Instructions for the task:
Print exactly the lines that run from the one containing "Woman Enjoying Beach" to the final line of the data, both included, and print none of the pictures.

Supplied material:
Content starts

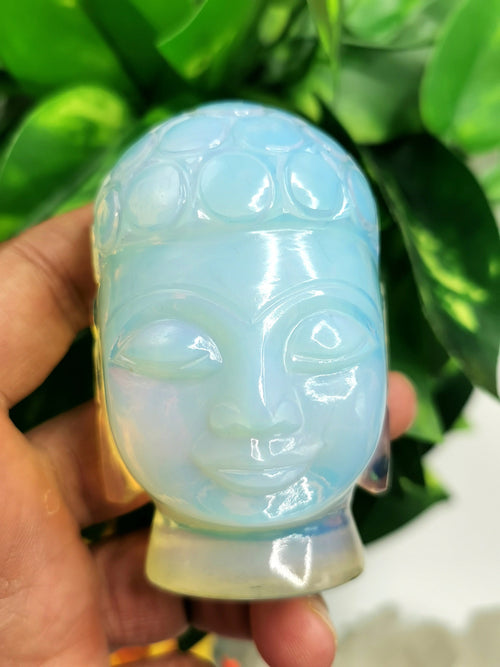 Opalite Buddha Head - handmade carving of serene face of Lord Buddha - crystal/reiki/healing - 3 inches and 254 gms - Shwasam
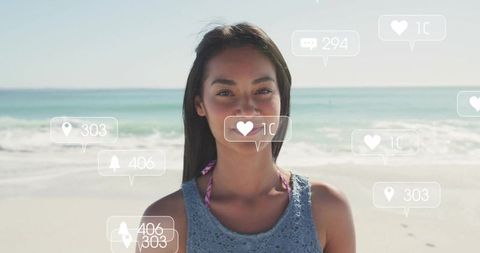 Woman Enjoying Beach Fashion in Social Media Interactions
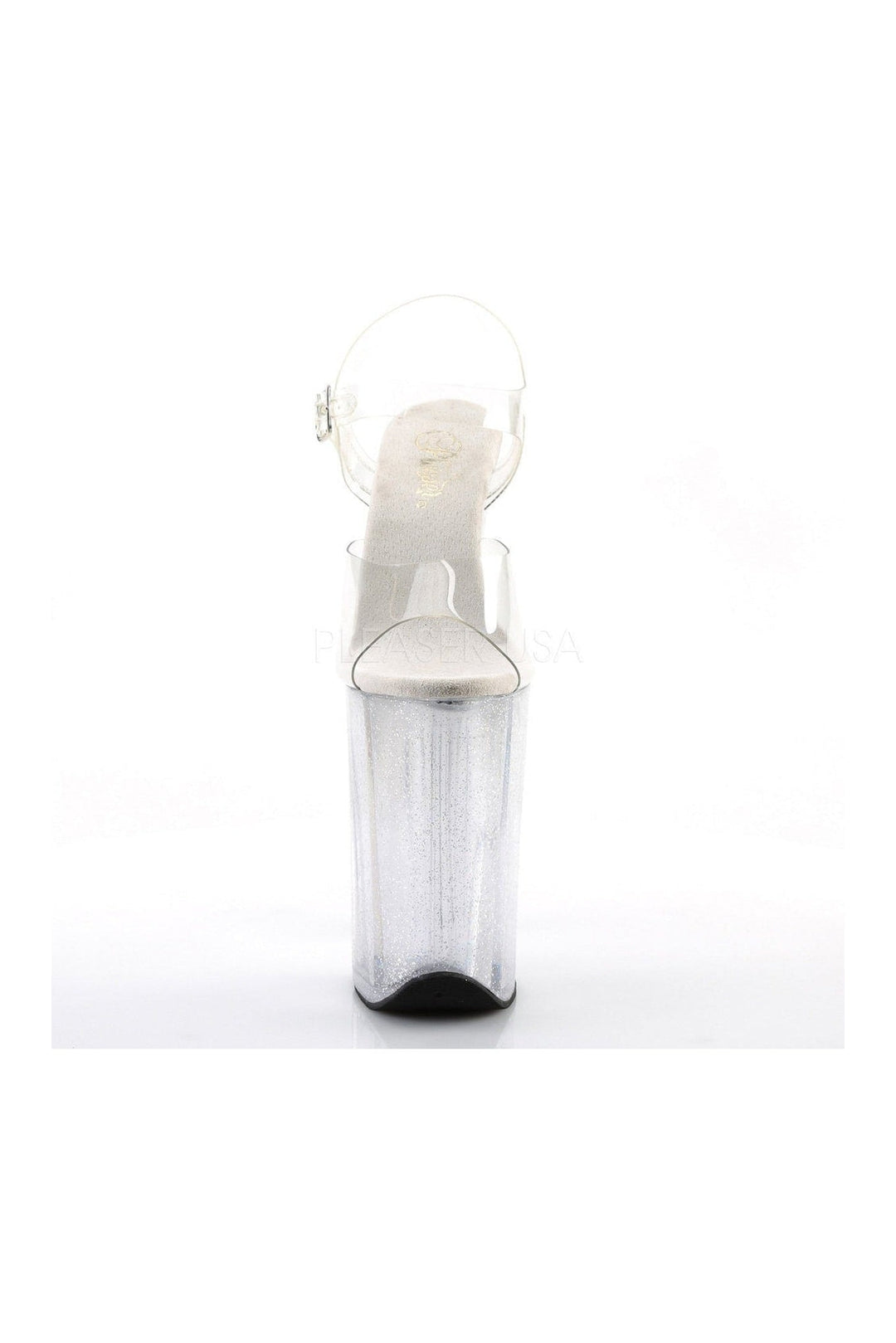 Pleaser INFINITY-908MG Platform Sandal in Clear Vinyl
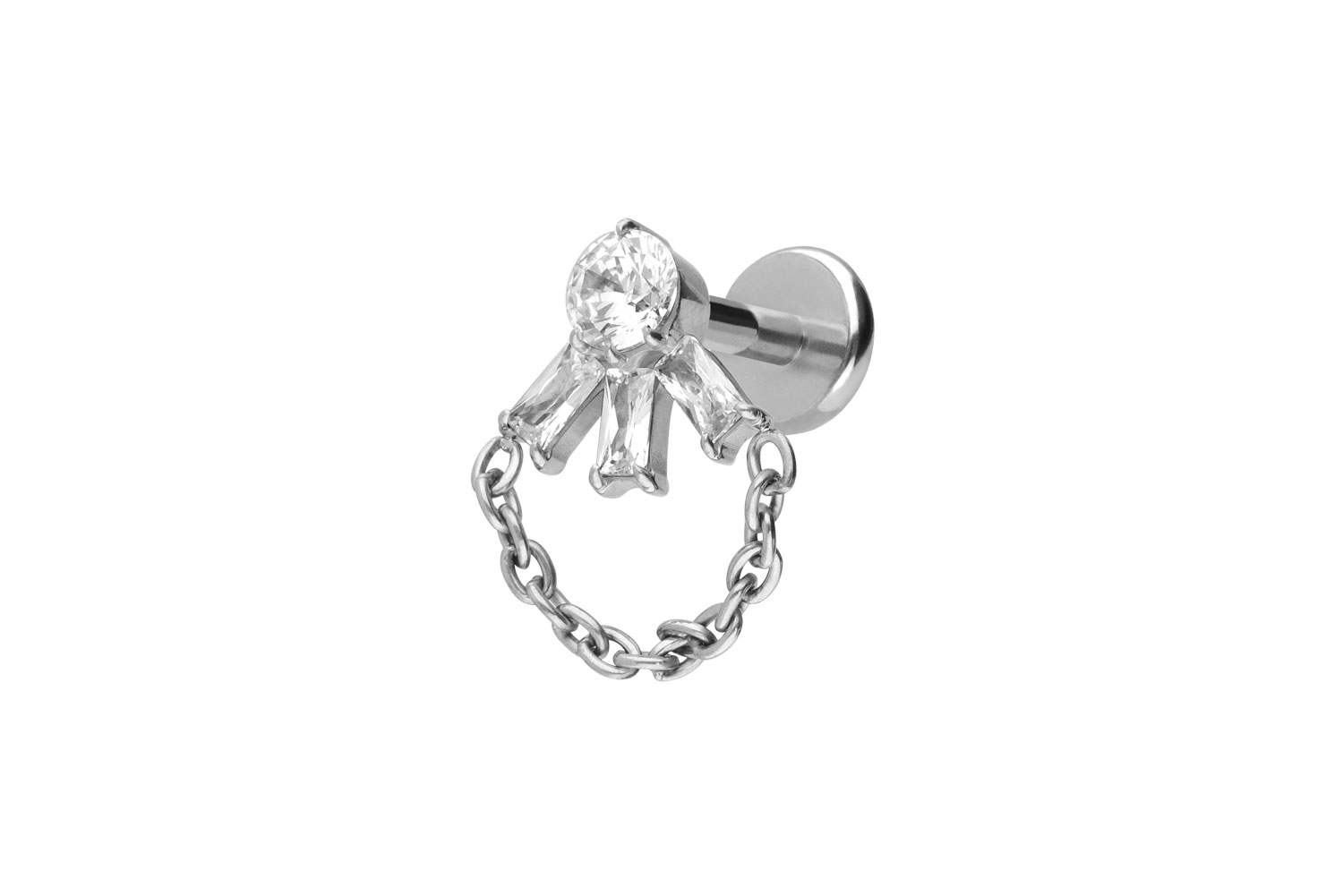 Titan Labret Piercing mit Push Fit LOTUSBLÜTE + KETTE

Content ends

Solution to the exercise:
 Woman Enjoying Beach Fashion in Social Media Interactions
 Pleaser INFINITY-908MG Platform Sandal in Clear Vinyl
 Titan Labret Piercing mit Push Fit LOTUSBLÜTE + KETTE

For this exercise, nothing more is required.